Shay, a journalism student in Jo’burg, meets Sip, an unreformed bad girl when she goes to interview her in prison for a radical blog she writes for – and the two girls are drawn into an intense love affair. Their relationship is a dangerous cocktail of lust, jealousy, young love, infidelity and co-dependency – and one you can’t stop reading. It will hit a nerve with anyone – straight or gay – who has been in a destructive relationship.
Raw, unapologetic, intense – each page has so much energy and emotion that you feel you are living this radical love story frame by frame. At times, Ngamlana writes with such beauty and honesty that is almost like poetry. Other times, the narrative seems rushed and clumsy and the dialogue amateurish – but it is never anything less than riveting.
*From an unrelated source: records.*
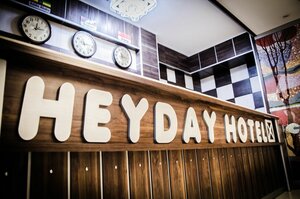 Heyday Hotel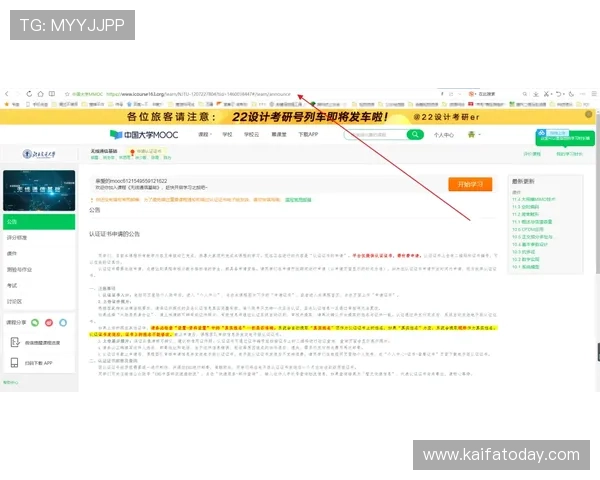 K8体育注册过程中常见问题解答,帮助用户快速解决遇到的注册难题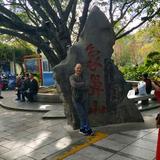 想懒不敢懒得人头像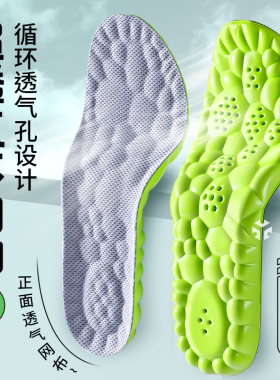 足印部落军训防臭鞋垫减震透气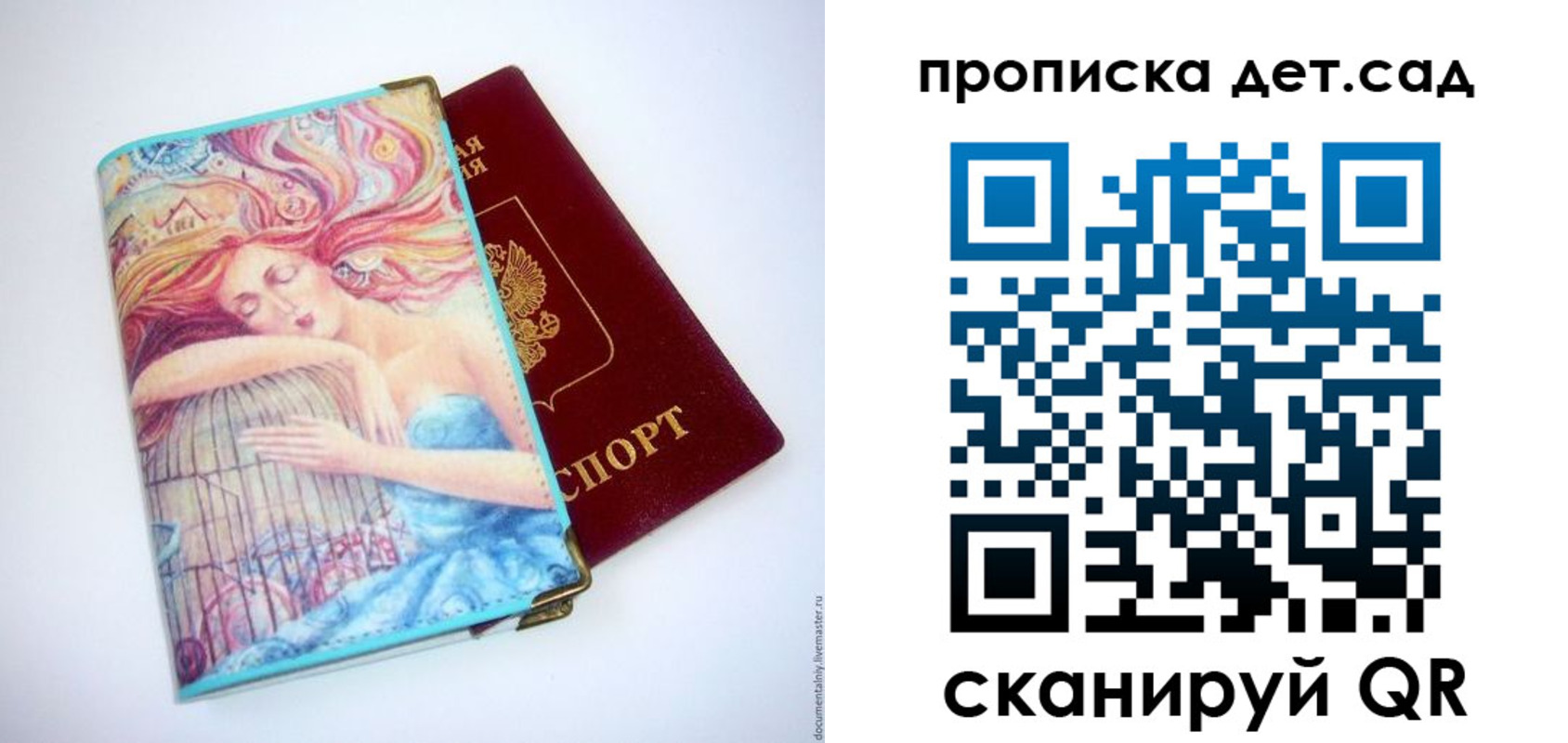 прописка в Когалыме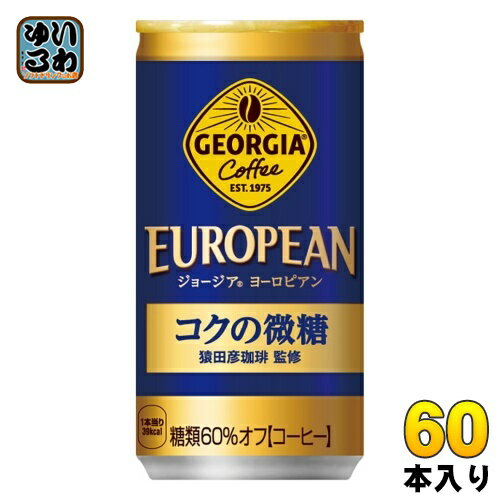 コカ・コーラ ジョージア ヨーロピアン コクの微糖 185g 缶 60本 (30本入×2 まとめ買い) 缶コーヒー 微糖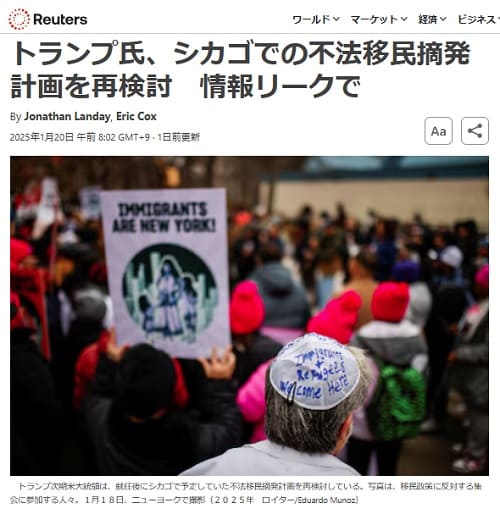 2025年1月20日 Reutersへのリンク画像です。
If I Stay is less of a novel and more of a fictional montage and one senses an autobiographical undertow in the stinging insights and brutal honesty. I think a stronger and more perceptive editor could have shaped a better structure and steered the writer from a less experimental plot. But a writer with Ngamlana’s talent and fearlessness is going places in South Africa’s literary circles.
Her first book is a page-turner. I found it hard to put it down and turn out the light. This is the diversity in writing publishers should be looking for and the fresh voices readers in our country crave in a sea of formulaic vanilla fiction.